Christina, 28, is a nanny and makes $50,000 annually, with an additional $20,000 in overtime. One perk of her job is free housing (in a New York suburb) and no utility bills. Leo, 32, is an IT professional for a large company and makes $90,000. They currently have a little more than $40,000 in stocks and close to $50,000 in Leo’s 401(k). Christina and Leo have saved nearly $100,000, and paid off all their student loans since they don’t have any living expenses. They plan to use the savings to build a house in the next year.

When they first moved in together, after just four months of dating, Christina and Leo opened a joint checking account, and started contributing equally to cover the cost of living expenses. After they got engaged, they started sharing a savings account — once they got married, they closed their individual accounts and began contributing solely to the joint checking and savings.

“Combining everything has always made the most sense to me,” Christina says. “That’s how my parents did it. It just feels weird to share everything else once you are married and to keep separate finances.”

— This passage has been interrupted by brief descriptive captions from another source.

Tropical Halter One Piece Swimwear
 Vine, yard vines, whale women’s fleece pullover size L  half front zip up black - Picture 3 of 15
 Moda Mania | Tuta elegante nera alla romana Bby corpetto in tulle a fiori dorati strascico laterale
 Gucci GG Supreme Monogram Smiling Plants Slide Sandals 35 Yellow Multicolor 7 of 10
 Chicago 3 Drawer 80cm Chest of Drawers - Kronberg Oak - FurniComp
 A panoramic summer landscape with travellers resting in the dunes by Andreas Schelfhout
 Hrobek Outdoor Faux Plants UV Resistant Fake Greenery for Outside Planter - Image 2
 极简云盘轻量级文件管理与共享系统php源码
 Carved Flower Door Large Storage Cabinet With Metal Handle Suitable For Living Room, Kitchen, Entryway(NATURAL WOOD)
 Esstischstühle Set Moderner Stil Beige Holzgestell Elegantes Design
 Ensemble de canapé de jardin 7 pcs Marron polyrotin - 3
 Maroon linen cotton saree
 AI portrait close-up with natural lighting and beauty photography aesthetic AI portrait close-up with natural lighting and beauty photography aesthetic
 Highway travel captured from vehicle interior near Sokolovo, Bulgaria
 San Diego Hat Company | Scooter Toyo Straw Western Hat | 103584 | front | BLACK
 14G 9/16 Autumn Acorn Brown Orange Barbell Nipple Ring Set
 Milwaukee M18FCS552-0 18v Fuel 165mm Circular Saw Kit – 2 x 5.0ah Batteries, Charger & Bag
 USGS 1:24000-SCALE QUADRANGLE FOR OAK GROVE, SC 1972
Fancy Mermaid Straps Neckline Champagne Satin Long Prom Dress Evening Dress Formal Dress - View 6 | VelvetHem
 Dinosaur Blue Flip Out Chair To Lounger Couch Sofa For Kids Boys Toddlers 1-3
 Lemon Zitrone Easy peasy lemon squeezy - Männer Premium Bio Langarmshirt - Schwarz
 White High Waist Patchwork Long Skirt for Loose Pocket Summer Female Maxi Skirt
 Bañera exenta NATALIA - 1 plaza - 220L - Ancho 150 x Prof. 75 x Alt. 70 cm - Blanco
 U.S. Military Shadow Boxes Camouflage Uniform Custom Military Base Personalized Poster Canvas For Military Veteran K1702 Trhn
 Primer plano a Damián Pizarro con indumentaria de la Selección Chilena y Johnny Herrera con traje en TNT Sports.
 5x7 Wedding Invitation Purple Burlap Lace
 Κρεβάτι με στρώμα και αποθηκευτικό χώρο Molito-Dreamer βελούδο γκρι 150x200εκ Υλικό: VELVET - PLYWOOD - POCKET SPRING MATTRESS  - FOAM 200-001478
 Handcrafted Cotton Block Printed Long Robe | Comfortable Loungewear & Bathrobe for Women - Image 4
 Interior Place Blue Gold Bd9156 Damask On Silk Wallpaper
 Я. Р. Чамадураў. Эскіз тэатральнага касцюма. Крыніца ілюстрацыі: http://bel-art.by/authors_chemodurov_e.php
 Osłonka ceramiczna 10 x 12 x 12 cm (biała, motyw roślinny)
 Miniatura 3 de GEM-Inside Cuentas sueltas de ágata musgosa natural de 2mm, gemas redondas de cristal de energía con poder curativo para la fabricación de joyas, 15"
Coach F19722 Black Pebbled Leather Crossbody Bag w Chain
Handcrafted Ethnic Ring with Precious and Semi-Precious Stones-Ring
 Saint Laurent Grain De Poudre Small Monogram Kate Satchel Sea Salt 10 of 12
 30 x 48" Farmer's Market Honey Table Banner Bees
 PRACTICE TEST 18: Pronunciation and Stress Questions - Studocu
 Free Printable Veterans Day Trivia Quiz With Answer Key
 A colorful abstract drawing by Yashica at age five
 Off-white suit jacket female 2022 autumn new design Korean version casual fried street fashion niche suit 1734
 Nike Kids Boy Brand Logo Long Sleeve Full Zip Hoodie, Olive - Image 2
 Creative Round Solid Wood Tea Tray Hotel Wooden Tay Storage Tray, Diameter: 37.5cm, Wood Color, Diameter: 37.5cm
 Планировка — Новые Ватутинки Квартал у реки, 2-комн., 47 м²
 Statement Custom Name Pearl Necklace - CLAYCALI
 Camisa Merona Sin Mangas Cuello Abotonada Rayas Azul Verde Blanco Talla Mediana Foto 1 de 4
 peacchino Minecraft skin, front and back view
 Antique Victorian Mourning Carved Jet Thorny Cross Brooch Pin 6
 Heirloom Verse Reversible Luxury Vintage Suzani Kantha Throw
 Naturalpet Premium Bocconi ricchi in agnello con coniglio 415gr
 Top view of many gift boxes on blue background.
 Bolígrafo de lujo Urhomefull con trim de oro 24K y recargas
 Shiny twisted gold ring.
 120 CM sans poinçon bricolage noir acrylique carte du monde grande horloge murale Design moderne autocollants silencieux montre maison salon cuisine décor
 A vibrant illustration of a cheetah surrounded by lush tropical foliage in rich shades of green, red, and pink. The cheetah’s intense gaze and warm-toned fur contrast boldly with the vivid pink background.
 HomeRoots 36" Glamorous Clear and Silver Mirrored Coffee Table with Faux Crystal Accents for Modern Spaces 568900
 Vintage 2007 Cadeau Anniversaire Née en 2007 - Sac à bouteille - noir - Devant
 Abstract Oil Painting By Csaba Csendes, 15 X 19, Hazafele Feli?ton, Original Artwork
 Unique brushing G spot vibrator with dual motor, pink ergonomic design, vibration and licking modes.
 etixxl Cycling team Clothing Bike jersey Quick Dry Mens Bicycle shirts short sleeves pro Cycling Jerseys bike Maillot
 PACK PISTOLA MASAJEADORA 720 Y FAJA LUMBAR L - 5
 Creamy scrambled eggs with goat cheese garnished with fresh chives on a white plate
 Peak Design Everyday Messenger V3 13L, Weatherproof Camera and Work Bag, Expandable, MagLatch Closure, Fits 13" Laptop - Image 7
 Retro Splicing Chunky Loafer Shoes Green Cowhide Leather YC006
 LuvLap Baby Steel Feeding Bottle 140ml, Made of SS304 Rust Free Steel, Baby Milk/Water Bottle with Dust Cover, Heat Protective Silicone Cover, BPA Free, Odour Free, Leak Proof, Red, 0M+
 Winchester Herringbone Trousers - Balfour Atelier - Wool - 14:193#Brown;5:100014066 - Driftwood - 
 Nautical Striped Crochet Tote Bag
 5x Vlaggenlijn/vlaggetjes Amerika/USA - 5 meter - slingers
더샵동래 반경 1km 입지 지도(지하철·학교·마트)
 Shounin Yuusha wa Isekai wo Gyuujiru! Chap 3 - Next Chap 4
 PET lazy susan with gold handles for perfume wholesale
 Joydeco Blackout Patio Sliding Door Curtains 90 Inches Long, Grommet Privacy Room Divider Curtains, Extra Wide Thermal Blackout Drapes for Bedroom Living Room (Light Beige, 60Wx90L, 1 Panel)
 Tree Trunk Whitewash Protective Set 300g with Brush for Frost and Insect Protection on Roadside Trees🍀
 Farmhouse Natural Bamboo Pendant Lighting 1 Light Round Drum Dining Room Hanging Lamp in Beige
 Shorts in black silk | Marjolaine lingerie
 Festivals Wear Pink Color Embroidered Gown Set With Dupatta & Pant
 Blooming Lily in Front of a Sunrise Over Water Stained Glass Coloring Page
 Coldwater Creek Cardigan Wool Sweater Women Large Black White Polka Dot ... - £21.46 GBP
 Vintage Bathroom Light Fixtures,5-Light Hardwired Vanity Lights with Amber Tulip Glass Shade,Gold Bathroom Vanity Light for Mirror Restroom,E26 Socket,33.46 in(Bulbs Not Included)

They’ve been very lucky in recent years that Christina’s job provides them with free housing, and Leo can work remotely, which allowed them to follow the family Christina works for out of the city. Since they don’t have to pay for housing, they’ve worked hard to just live off of Christina’s salary and save everything Leo makes. That will change this year, as Christina plans to leave her job, and Leo will become the sole breadwinner for a while. She’d like to start her own nutritional therapy business once they’re settled in their new home, and they’re also hoping to save money by prioritizing a less consumer-based lifestyle.

“I would say we are moving toward a simpler life,” Christina says. “We are planning to grow as much of our food as we can, including raising chickens, hunting, etc. This is not just to save money. I think it’s important for our health and developing our [future] kids’ work ethic.”

Financial Feedback:

Malani suggests Christina and Leo should make sure they’re getting the best interest rates on the cash they’re saving for their down payment.

“For sums over $20,000 to $25,000, the dollars you’ll earn in interest really start to become significant,” she says. “We recommend CapitalOne360 because of its user-friendly system and money-management tools, like sub-savings accounts, as well as its higher interest rates.”

Next, Malani suggests Christina and Leo look into investing. “One thing we’d suggest is to find an advisor who prioritizes your goals and uses investments as a solution to achieve those goals within a given time frame,” she says.